== Extracted data ==
....

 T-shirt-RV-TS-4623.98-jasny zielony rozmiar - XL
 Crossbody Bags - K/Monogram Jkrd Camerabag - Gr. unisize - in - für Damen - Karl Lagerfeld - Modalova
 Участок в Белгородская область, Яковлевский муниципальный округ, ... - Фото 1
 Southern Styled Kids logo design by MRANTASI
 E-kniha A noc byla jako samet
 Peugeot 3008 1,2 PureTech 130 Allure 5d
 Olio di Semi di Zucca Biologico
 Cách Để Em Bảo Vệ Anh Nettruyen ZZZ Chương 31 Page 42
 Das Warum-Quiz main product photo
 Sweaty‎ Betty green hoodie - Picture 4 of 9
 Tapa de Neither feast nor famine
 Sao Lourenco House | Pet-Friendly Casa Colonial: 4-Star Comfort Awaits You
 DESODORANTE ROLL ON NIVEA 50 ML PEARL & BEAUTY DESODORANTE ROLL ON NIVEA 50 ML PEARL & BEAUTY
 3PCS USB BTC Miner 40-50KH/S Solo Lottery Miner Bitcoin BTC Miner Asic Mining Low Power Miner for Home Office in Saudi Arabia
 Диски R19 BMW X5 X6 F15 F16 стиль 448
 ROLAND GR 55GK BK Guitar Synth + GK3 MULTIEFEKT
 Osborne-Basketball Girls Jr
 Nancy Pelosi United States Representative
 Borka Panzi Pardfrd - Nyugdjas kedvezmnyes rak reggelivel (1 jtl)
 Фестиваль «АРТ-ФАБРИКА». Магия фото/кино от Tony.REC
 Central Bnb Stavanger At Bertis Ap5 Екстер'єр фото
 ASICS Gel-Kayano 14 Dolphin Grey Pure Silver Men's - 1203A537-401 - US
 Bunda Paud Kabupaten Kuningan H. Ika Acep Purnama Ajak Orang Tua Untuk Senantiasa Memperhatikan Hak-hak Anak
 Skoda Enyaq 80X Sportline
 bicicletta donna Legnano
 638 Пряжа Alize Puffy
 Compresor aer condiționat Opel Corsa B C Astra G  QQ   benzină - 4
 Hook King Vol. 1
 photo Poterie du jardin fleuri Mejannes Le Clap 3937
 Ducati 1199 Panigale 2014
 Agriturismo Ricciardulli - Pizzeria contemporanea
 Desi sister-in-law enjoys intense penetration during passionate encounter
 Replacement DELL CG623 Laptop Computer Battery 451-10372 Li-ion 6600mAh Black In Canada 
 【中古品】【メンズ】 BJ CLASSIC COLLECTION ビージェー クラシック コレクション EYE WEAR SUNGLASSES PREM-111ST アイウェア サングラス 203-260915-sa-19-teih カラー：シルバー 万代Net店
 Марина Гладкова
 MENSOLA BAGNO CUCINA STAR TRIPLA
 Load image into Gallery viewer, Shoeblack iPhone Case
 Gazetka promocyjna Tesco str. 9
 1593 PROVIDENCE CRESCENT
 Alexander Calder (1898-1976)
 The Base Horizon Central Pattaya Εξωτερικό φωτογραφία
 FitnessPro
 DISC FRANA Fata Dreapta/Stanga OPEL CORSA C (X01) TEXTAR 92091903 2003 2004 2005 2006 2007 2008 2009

....

== Work required ==
Find all lines holding the word "photo" in the records above and copy them.

== Response for this exercise ==
 Das Warum-Quiz main product photo
 photo Poterie du jardin fleuri Mejannes Le Clap 3937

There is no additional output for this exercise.